Before 2005 you had to keep your bid or offer on the screen for a full second and prior to 9/11 a single player could control the box (broker voice box) and swallow as much size as one could take before releasing to other players. These features no longer exist, not to mention you have no idea of whose on the other side of your futures, before 2002 you saw every single counterparty trader acronyms and their clearing house.
I would often hit or take $25 to $50 million 10s or bonds and have to buy/sell 250 or 500 futures on the Globex screen and if I saw house 660 or 350 it would give me pause because I was buying or selling into JPM or Goldman and they always had more to go...This information was vital, if the regulators or exchanges wanted to bring transparency and integrity back to the US Treasury market they would force exchanges to give out real time counterparty trade data and force secondary bids and offers to be held on screen for 1 full second.
This would remove a lot of the games that are being played and the market to function as it once has. Now it seems a very few have the ability to put on such size that nothing matters but access to credit and funding.
These days the big funds have zero limits and bypass all the regs. Exchanges are complicit and keep everything anonymous, watch the tri party repo market and watch the convexity bid once 10yrs hit 3.25%. I think we may see 10s down 40bp in a single day because of the extreme positioning going on and NO HFT algobot firms do not provide liquidity, they have vol induced limiters, meaning if vol reaches a given threshold they refrain from any bid or offer.
The real question is what banks and funds are on the other side of this, and whose rehypothecated treasuries are at risk?
The ICBC issue in November is very concerning, I cleared them for many years and never had issues, but last months ransomware attack seems highly suspect.
Here is the link to the Bloomberg piece, Bloomberg on the Basis Trade
We know that this trade is being put on in a major way by a very few large players and some have called in to question the systemic risk that this may cause. Well we know first hand that the markets are controlled by these same players that can use their balance sheets to overwhelm any given days trading. By utilizing the Repo market big funds gain access to some very cheap funding, which allows for the massive scaling of these basis trades.
However, recently the SEC voted in favor of adopting a central clearing mechanism for a majority of US treasury trades (concessions were made of course, at the behest of most likely the same people engaging in the massive one way trade now) but legislation is not mandated till June of 2026. So what looks like great regulatory legislation on the forefront gives way to the reality that it doesn’t take place for nearly 3 years and by then who knows how things will change!
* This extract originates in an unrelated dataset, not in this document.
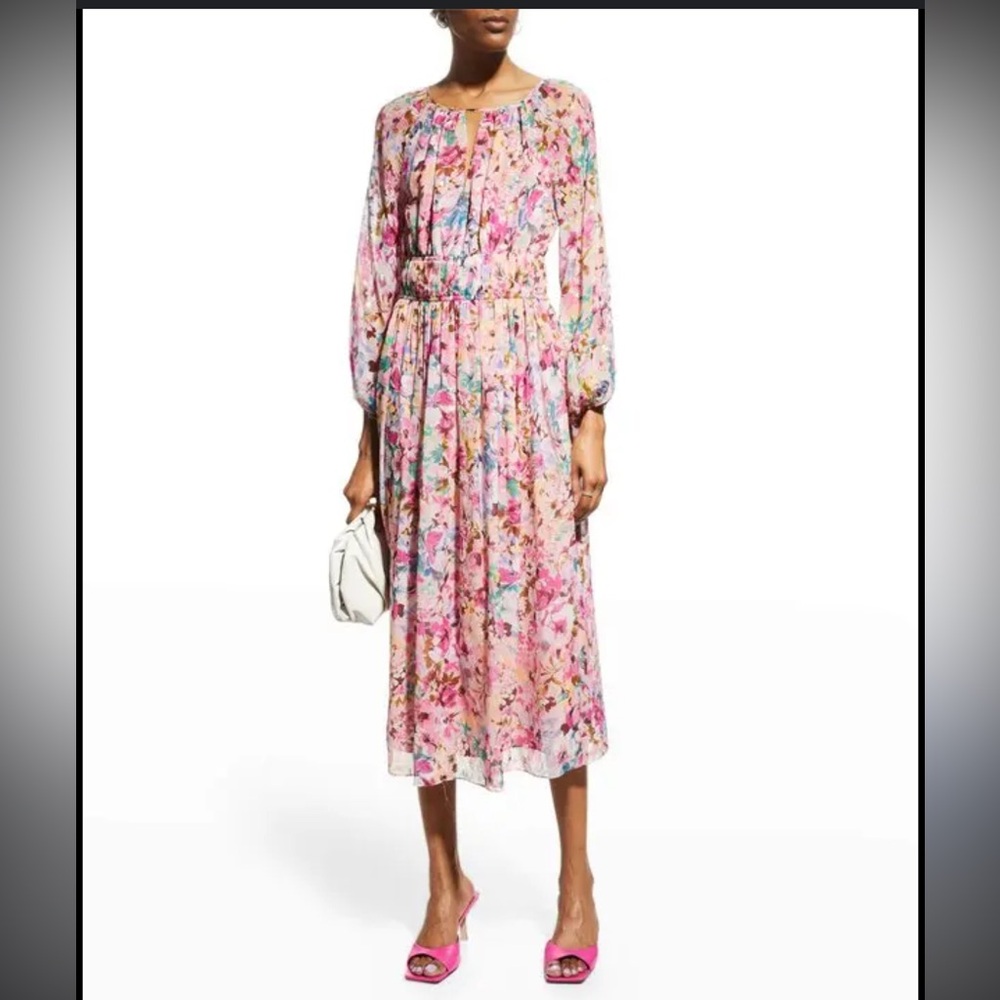 Shoshanna Taura Midi Dress with Ruched Waist and Pink Floral Print EUC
Here is a link to that news post on legislation here, US news on treasury trade regulations
When we look at the US treasury basis, in particular the 30Y cash we can see that the US 30Y cash the long component of this trade vs being short futures, has been a one way trade for most of the year:
We are not sure what institutions would want to be short these cash treasuries in this environment, but when they do finally get blown out, most likely in a massive convexity bid below 3.25% in the 10Y sector, we will see a massive spike upward in this chart!
As for now here is how the US 30Y yields chart currently looks trading near 4% and the point by which the whole upside move was propelled from:
Another data point for our readers to consider is the US Treasury is issuing nearly half a trillion in debt this week, $485Bn in fact:
We originally posted this to our LinkedIn as well about the U.S. Treasury debt issuance this week:
Its not the nominal amount that truly bothers me, rather its the fact that the Federal Reserve doesn't comment upon just exactly what is the transmission mechanism by which increasing debt and refinancing said debt, both lowers inflation and increases the middle and lower classes ability to afford a general standard of living.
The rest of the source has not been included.